*** GIVEN DATA ***

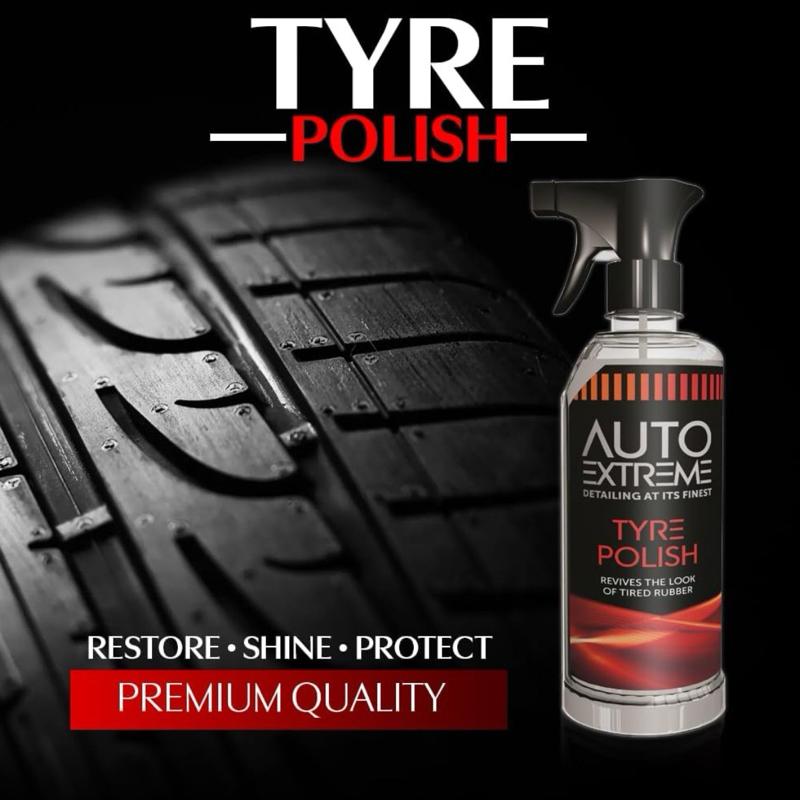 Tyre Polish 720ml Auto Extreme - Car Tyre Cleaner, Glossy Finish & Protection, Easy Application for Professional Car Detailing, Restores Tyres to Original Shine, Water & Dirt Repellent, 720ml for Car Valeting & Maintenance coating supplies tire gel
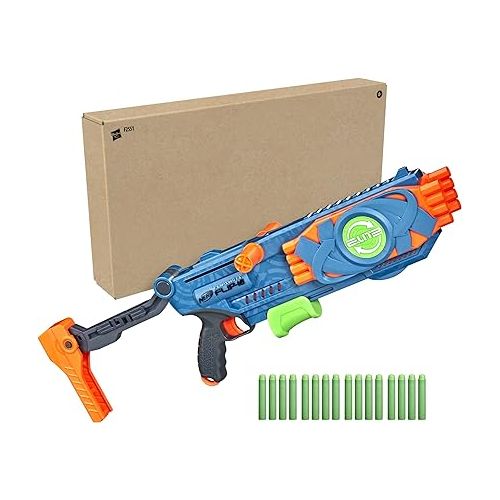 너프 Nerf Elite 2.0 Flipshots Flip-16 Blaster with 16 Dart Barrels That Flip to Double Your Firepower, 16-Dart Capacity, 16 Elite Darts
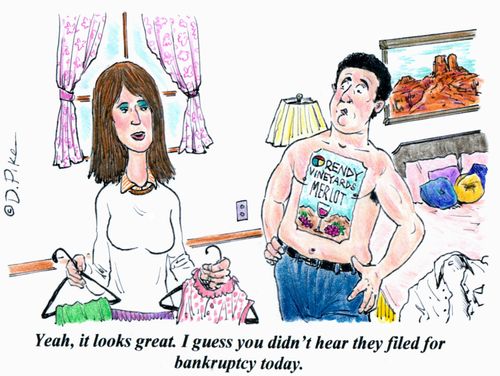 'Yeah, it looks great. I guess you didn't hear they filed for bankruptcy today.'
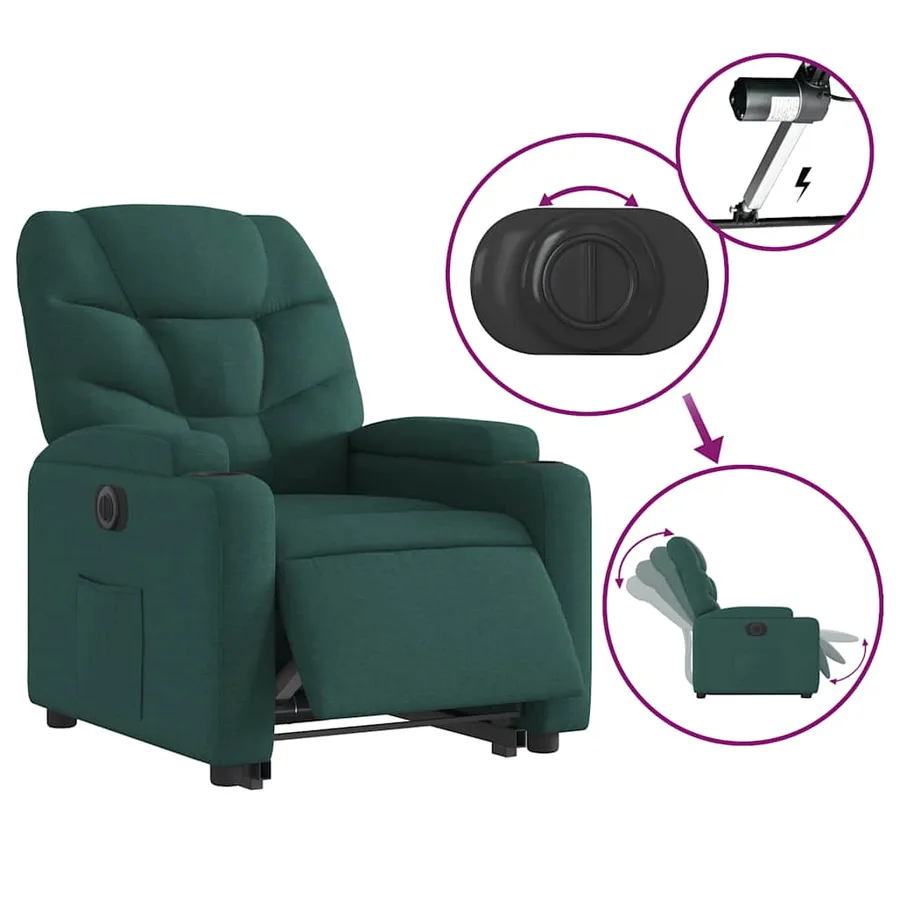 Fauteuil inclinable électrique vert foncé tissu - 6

*** End of GIVEN DATA ***
*** GIVEN DATA ***

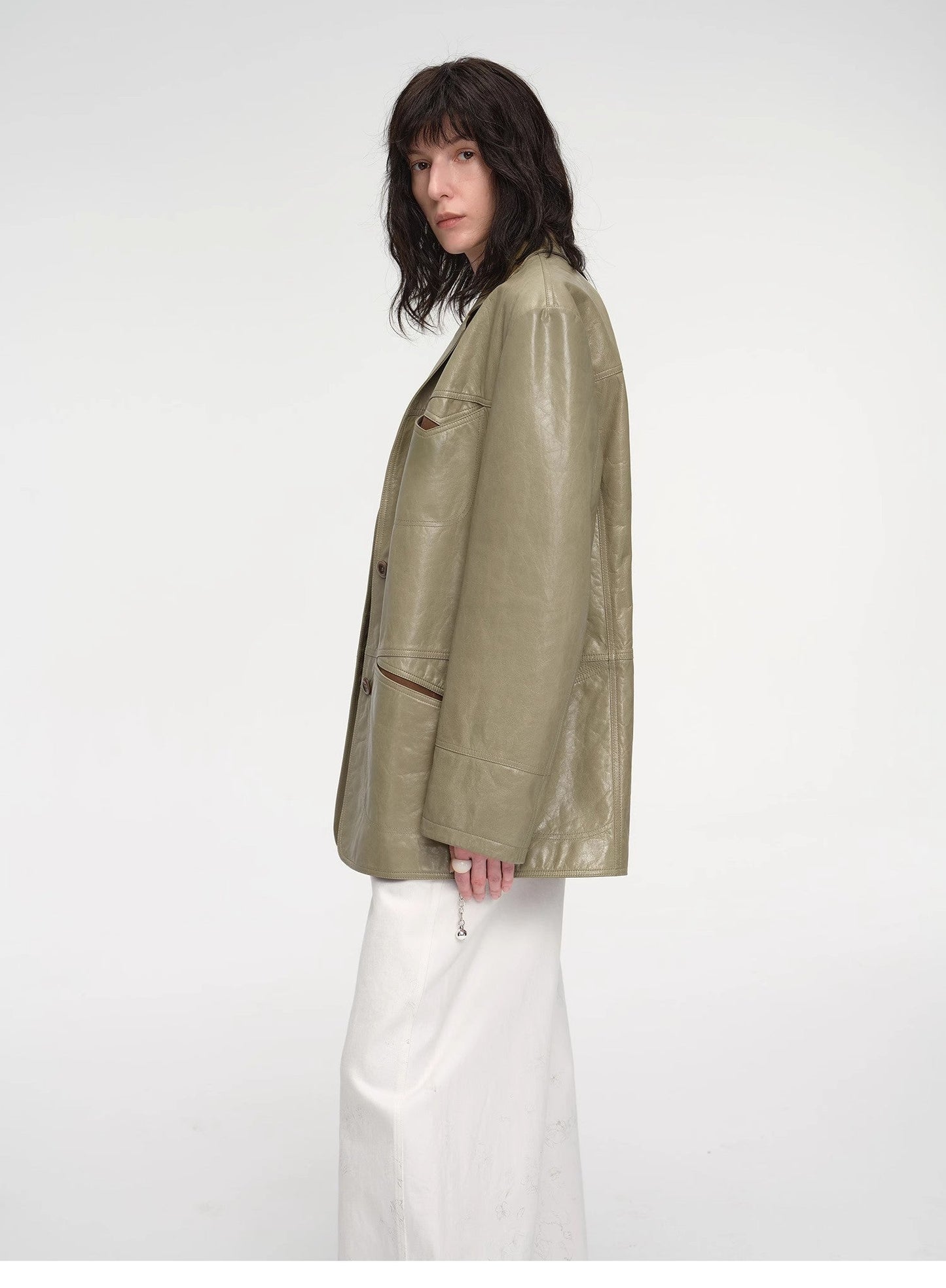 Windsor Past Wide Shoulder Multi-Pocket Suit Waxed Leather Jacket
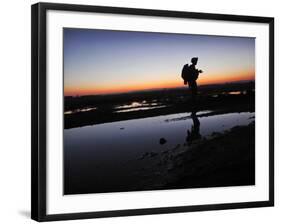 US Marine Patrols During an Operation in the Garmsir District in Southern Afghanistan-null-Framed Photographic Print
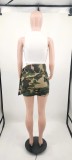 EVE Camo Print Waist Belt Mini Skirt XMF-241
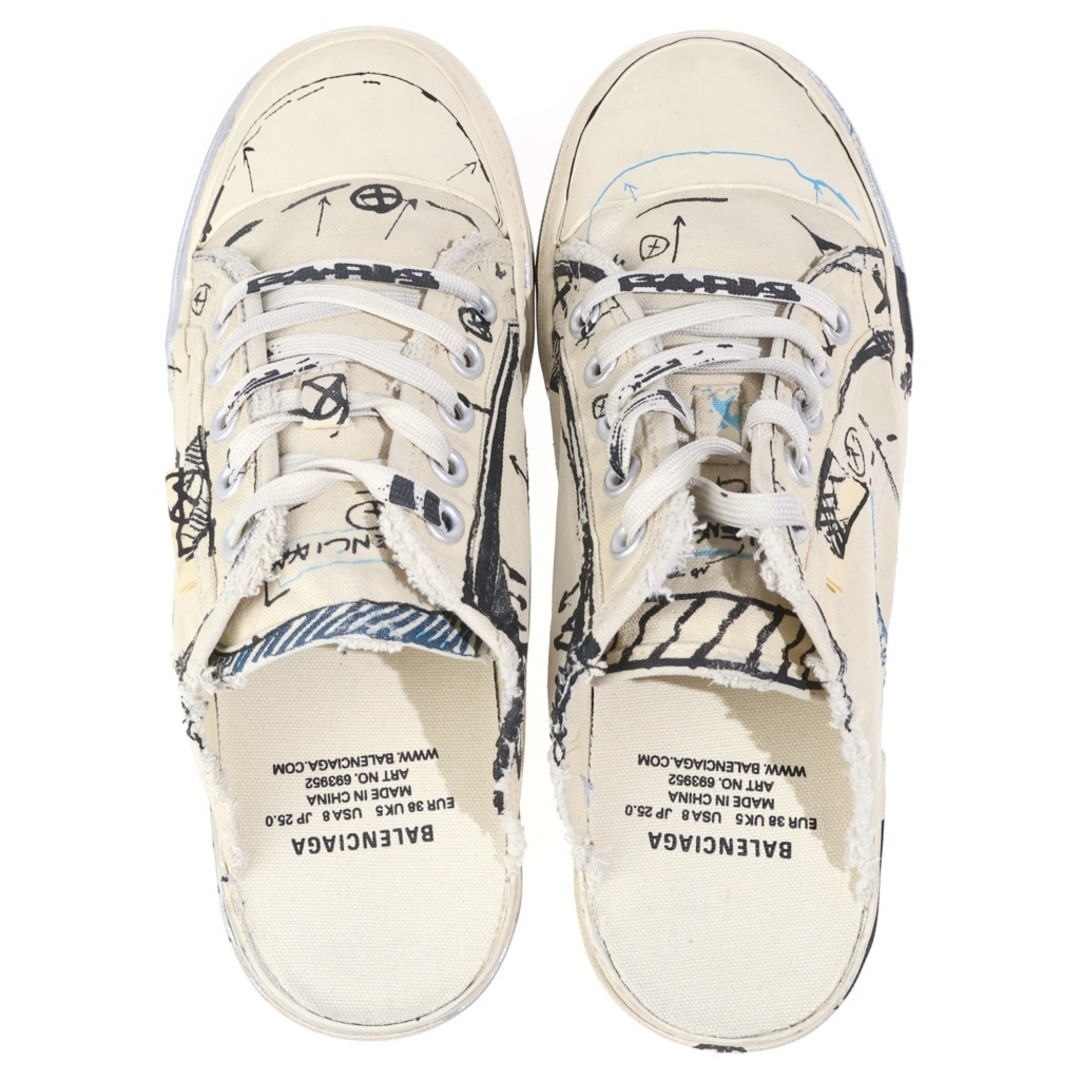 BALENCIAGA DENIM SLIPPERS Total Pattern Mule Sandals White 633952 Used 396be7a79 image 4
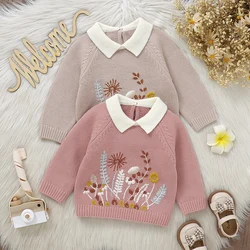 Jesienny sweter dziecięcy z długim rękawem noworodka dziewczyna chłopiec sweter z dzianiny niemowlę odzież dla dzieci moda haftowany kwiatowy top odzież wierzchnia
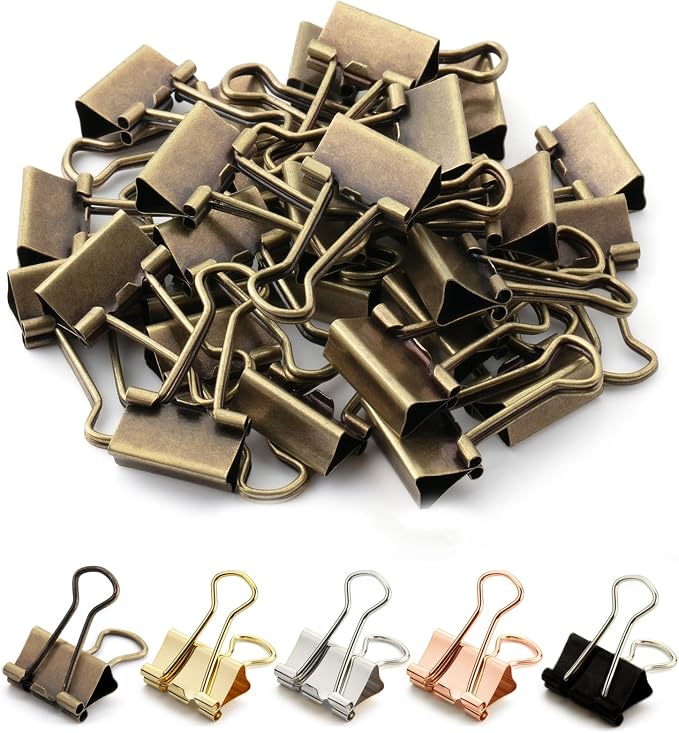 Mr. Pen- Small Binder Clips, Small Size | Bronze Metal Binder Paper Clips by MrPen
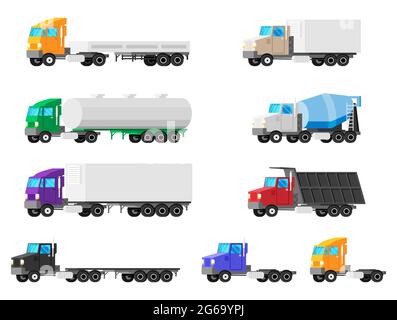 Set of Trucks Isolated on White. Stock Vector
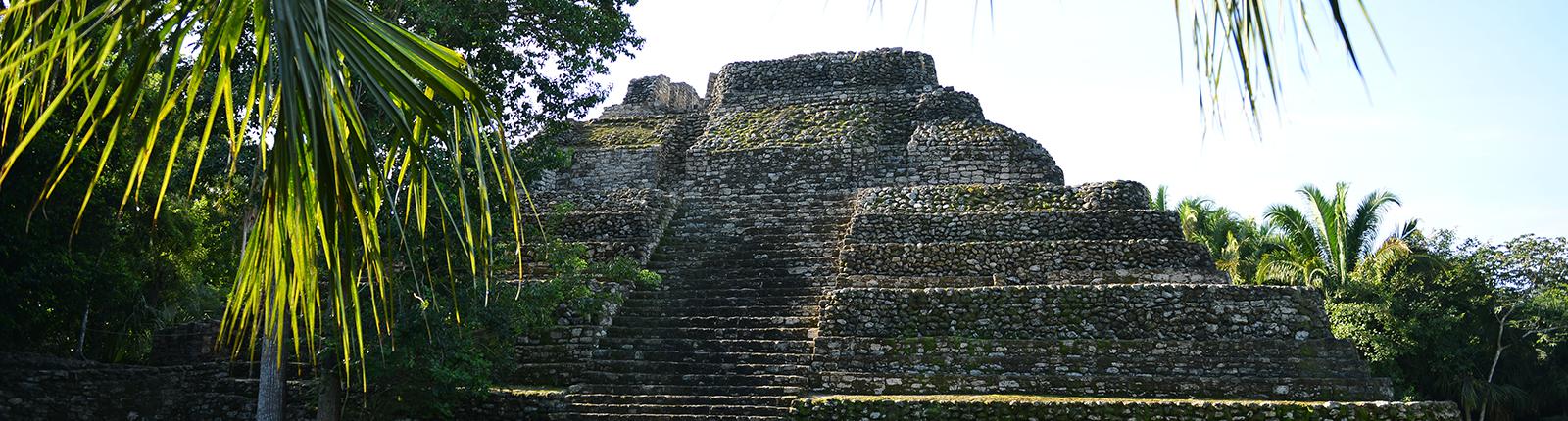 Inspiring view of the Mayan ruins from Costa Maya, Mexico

*** End of GIVEN DATA ***

WHAT YOU NEED TO DO -
Only one stretch of the listing above is to be duplicated: the lines from the one containing "Mr. Pen- Small" through the one containing "Inspiring view of", both included. Copy them exactly, minus the pictures.

ANSWER FOR THE TASK -
 Mr. Pen- Small Binder Clips, Small Size | Bronze Metal Binder Paper Clips by MrPen
 Set of Trucks Isolated on White. Stock Vector
 Inspiring view of the Mayan ruins from Costa Maya, Mexico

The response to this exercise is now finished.